In an effort to protect the privacy of respondents to the 2020 Census, the Census Bureau has implemented an algorithm that adds noise to microdata. The aim is to make it harder to identify voters and their races.
But Harvard researchers were able to easily reconstruct a voters’ race, and say the algorithm has other flaws, as well.
The study can be read here.
The Harvard Crimson summarizes:
The Census Bureau introduced a new Disclosure Avoidance System for the data from the 2020 Census, which uses differential privacy to increase privacy protections through the addition of “noise” to Census microdata.
The Harvard researchers used computer simulations inputted with the proposed DAS parameters — which were released in late April — to generate numerous potential redistricting maps using available 2010 Census data. Prior to the 2020 Census, the Census Bureau swapped the data of some households with others to protect privacy.
Government and Statistics professor Kosuke Imai, the study’s corresponding author, said the DAS uses a “very complicated post-processing method” to facilitate the use of the data for redistricting.
“But the problem of that is that no longer the noise that’s added is symmetric, so it adds some bias, but it’s hard to know exactly how those biases are being created,” Imai said.

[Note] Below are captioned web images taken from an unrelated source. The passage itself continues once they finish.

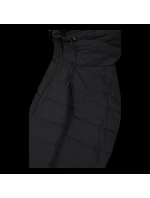 Pánská sportovní zateplená zimní bunda s kapucí černá model 21350644 - CMP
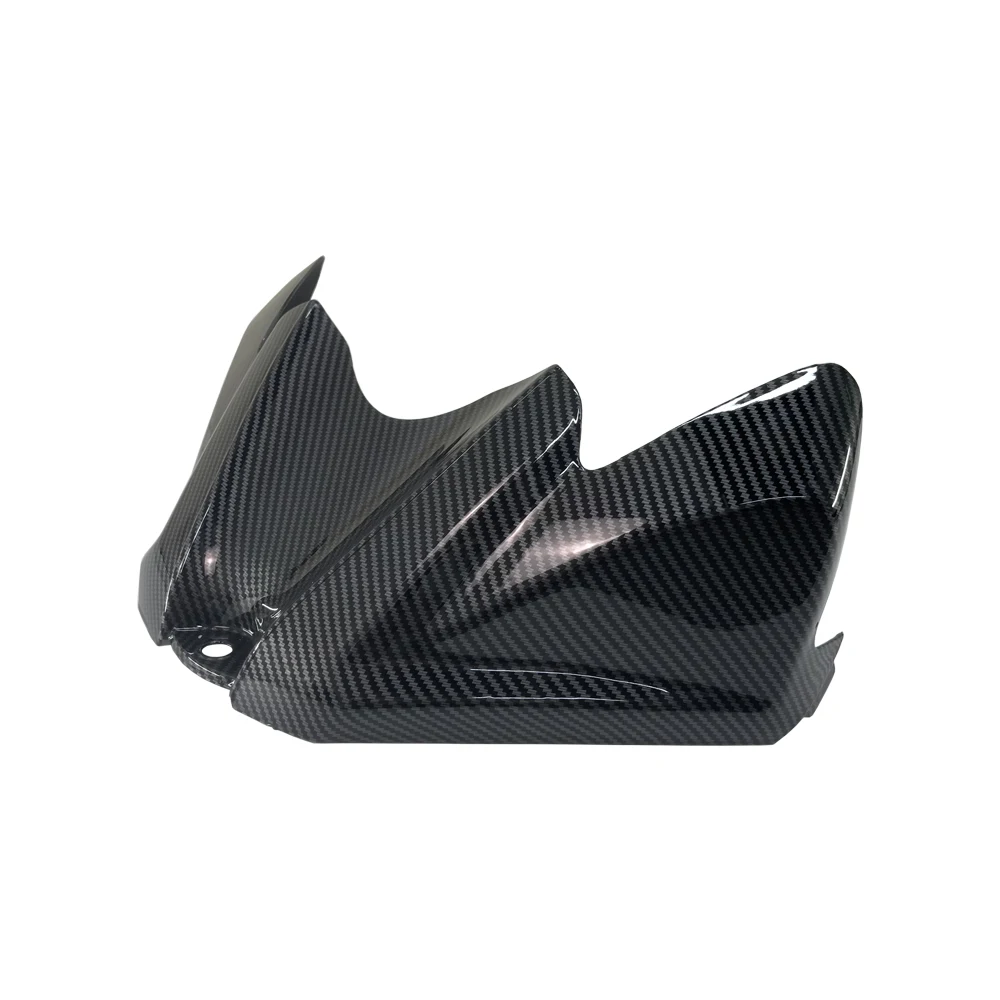 For Suzuki GSX-R 600 GSXR 750 2008-2010 K8 Motorcycle Fairing Carbon Fiber Pattern Fuel Tank Cover Fuel Tank Guard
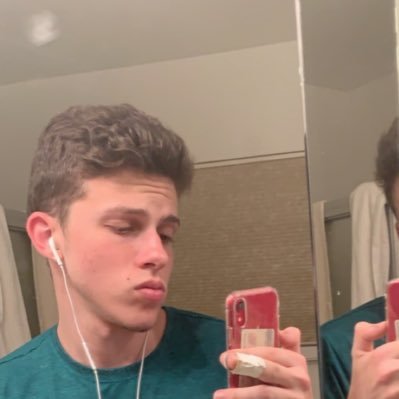 Profile Picture of Jacob (@JacobMandel_) on Twitter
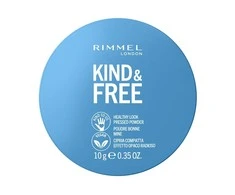 „Rimmel London Kind Free 40 Tan“ pudra, 10 g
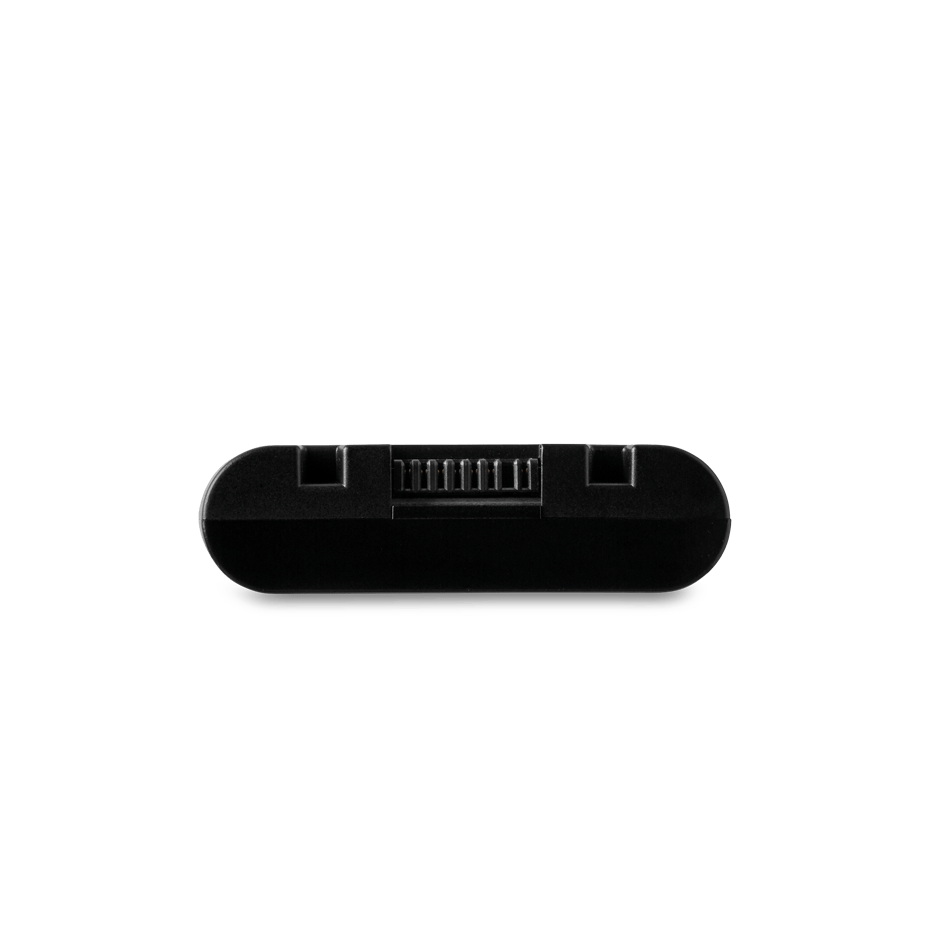 Duux | Dock + Battery pack 10.8 V for Duux Whisper Flex | DXCFBP05 | Black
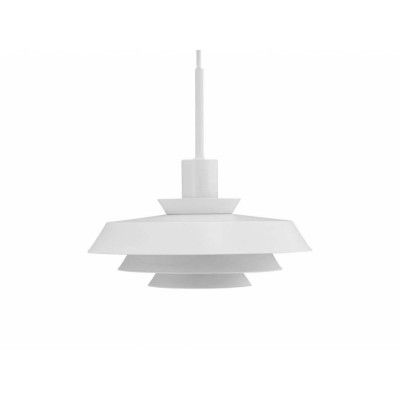 Dyberg Larsen - DL30 Taklampa WhiteDybergLarsen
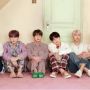 HYBE Kenang Perjalanan Album BTS dan Bagikan Teaser untuk Comeback Mendatang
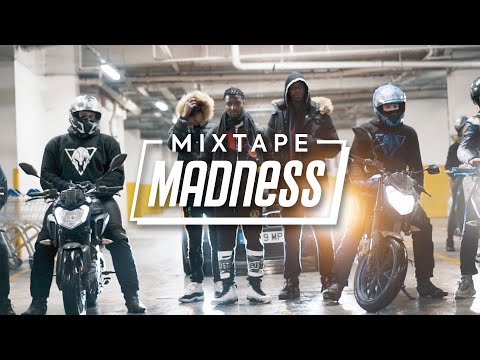 #LoadB Cartier Ricks x Jmuni x RB - Couldn't Be Me (Music Video) | @MixtapeMadness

Investigating the effects of DAS on redistricting and democratic elections, the study found that DAS would make it “impossible” for map drawers to create precise districts of equal populations at the block level in accordance with the One Person, One Vote principle, which ensures that every person’s vote is equally represented across districts.
“Under the privacy protections of former censuses, block-level populations were exact — so exact meaning whatever the Census Bureau counted and figured was the most likely number is what was released,” co-author and Government Ph.D. student Christopher T. Kenny said.